Further, if the change in source direction 118 is greater than a predetermined angular amount within a predetermined time period, then this is indicative of multiple sounds sources, such as multiple talkers, and this can be used to determine the number of individuals speaking, ie for purposes of “speaker recognition” aka speaker diarization (i.e. recognizing who is speaking). The change in source direction can also be used to determine a frequency dependant or signal gain value related to local voice activity status—ie where the gain value is close to unity if local voice activity is detected, and the gain is 0 otherwise.

The processor 102 can further communicate directional data derived from the coherence based processing method with the four microphone signals to a secondary device, where the directional data includes at least a direction of a sound source, and adjusts at least one parameter of the device in view of the directional data. For instance, the processor can focus or pan a camera of the secondary device to the sound source as will be described ahead in specific embodiments. For example, the processor can perform an image stabilization and maintain a focused centering of the camera responsive to movement of the secondary device, and, if more than one camera is present and communicatively coupled thereto, selectively switch between one or more cameras of the secondary device responsive to detecting from the directional data whether a sound source is in view of the one or more cameras.
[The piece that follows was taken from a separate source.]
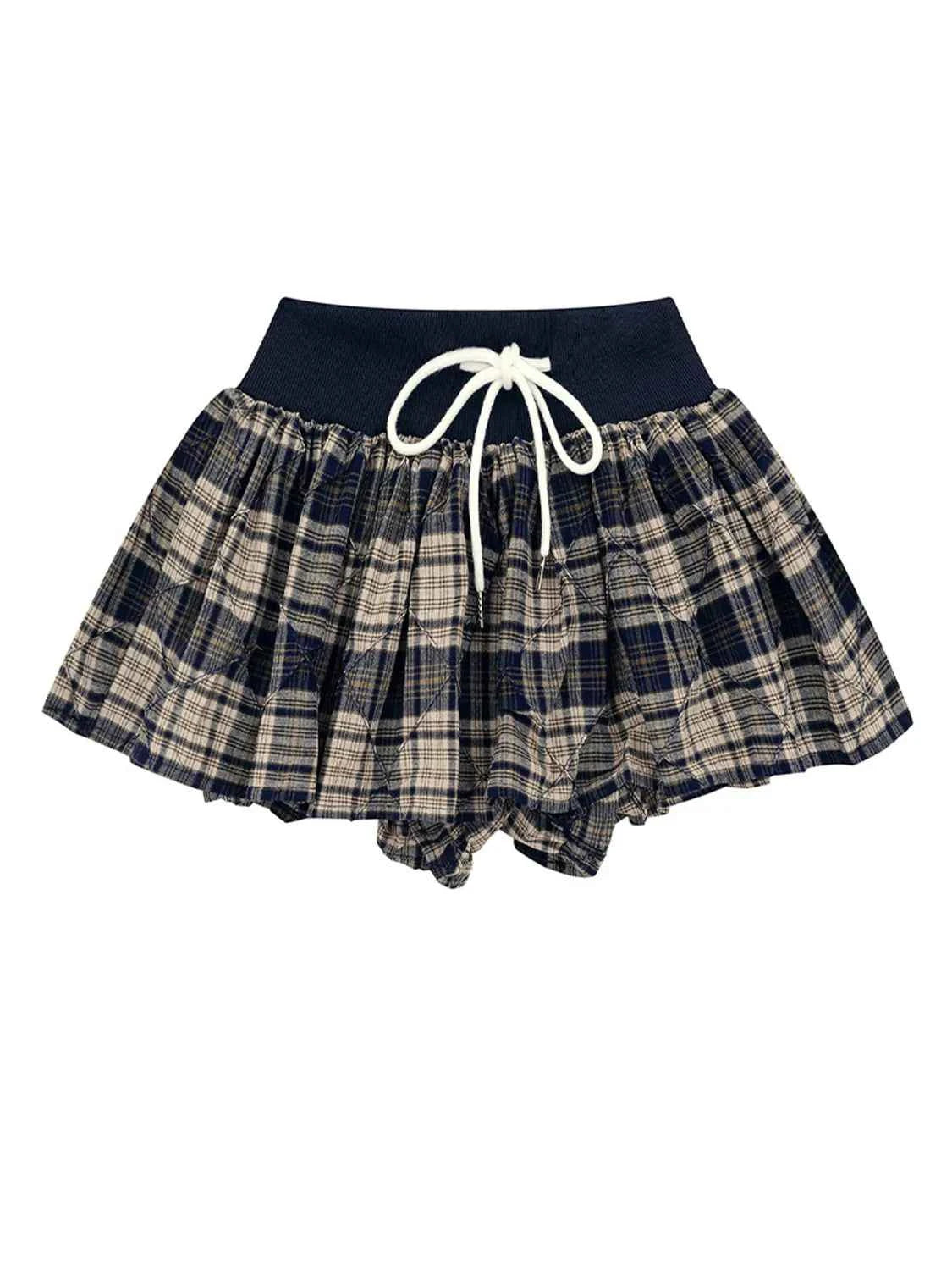 Drawstring Plaid Skort Black 87ae2257-44ee-4663-9d8f-e7c39ab5a6c4-Max-Origin
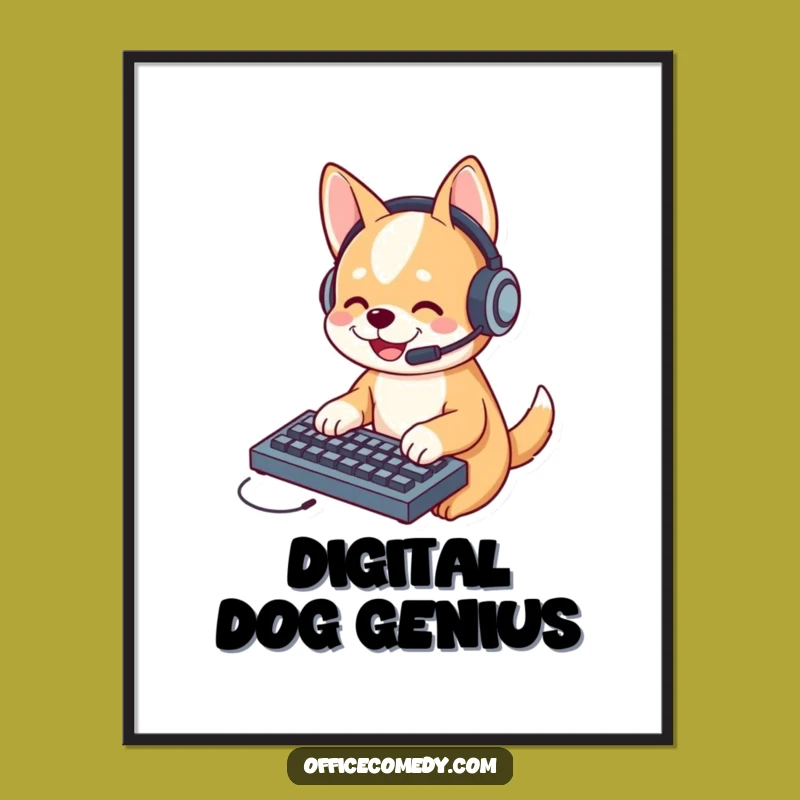 Funny Dog Typing Digital Art: Hilarious Canine Coder Printable for Laughs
In another arrangement, the processor 102 can track a direction of a voice identified in the sound source, and from the tracking, adjusting a multi-microphone beam-forming system to direct the beam-former towards the direction of the sound source. The multi-microphone beam-forming system can include micro-phone of the four microphone system 100, but would typically include many more microphones spaced over at least 50 cm. In a typical embodiment, the multi-microphone beam-forming system would contain 5 microphones arranged in a line, spaced 15 cm to 20 cm apart (the spacing can be more or less than this in further embodiments).

The system of the current invention 100 presented herein is distinguished from related art such as U.S. Pat. No. 9,271,077 that uses at least 2 or 3 microphones, but does not disclose the 4 or more microphone array system of the present invention that determines the sound source direction in 3 dimensions rather than just a 2D plane. U.S. Pat. No. 9,271,077 describes a method to determine a source direction but is restricted to a front or back direction relative to the micro-phone pair. U.S. Pat. No. 9,271,077 does not disclose a method to determine a sound source direction using 4 microphones where the direction includes a precise azimuth and elevation direction.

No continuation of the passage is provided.